# Comparing two hydrological basin rasters

This notebook compares two basin raster products (e.g. derived from different DEMs,
stream thresholds or processing choices) on a **pixel‑by‑pixel** basis.

The workflow:

1. Load the two input basin rasters.
2. Reproject / resample one raster so both are on the same grid.
3. For each basin ID in the reference raster, find the best‑matching basin in the comparison raster.
4. Classify each pixel into agreement classes and save a difference GeoTIFF.
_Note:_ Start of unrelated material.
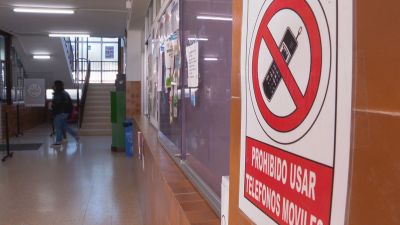 La limitación del uso del móvil en las aulas cumple este viernes un año. / Aragón TV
## 1. Load, align and compare basin rasters

This cell does the full comparison:

- Reads `basin1` (reference) and `basin2` (comparison) using `rasterio`.
- Uses `reproject` so that `basin2` is aligned to the grid of `basin1`.
- Loops over each basin ID in `basin1` to find overlapping basins in `basin2`.
- For each reference basin, the **best‑overlap** basin in `basin2` is identified.
- A `agree` raster is built with the following classes:

  * `0` – background / nodata.
  * `1` – pixels where the reference basin and comparison basin **agree** (same dominant basin, overlap ≥ 50%).  
  * `2` – pixels where the reference basin is **split or changed** in the comparison (no clear dominant match, or overlap shared among several basins / outside mask).
  * `3` – pixels belonging to basins that exist **only in one product**  
    (reference basin with no overlap in comparison, or basin present only in `basin2`).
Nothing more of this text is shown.